## Exercise description
In the listing below, find the line that contains "Nike Tank Top" and the line that contains "Flash Furniture Charlie". Quote both and every line between them, exactly, and nothing more.

## Task material
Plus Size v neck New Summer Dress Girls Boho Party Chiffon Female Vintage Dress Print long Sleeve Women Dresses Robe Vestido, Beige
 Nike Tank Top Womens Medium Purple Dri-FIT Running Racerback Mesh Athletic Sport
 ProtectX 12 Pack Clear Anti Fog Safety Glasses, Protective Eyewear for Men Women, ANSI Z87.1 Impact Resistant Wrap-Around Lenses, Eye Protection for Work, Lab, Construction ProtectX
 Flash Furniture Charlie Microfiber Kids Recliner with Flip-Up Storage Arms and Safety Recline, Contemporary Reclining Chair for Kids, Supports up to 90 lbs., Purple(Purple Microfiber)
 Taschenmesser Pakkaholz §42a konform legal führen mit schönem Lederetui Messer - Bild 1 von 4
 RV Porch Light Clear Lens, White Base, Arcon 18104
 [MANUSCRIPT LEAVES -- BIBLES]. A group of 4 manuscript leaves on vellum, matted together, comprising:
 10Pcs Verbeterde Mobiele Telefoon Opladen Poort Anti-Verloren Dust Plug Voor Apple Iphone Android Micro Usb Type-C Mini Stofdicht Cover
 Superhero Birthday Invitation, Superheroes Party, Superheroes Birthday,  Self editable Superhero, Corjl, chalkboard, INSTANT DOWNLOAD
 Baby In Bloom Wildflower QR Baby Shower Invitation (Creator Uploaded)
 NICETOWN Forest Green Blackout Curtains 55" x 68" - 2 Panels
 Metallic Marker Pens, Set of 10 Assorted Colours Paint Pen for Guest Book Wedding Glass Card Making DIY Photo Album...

## Answer box
 Nike Tank Top Womens Medium Purple Dri-FIT Running Racerback Mesh Athletic Sport
 ProtectX 12 Pack Clear Anti Fog Safety Glasses, Protective Eyewear for Men Women, ANSI Z87.1 Impact Resistant Wrap-Around Lenses, Eye Protection for Work, Lab, Construction ProtectX
 Flash Furniture Charlie Microfiber Kids Recliner with Flip-Up Storage Arms and Safety Recline, Contemporary Reclining Chair for Kids, Supports up to 90 lbs., Purple(Purple Microfiber)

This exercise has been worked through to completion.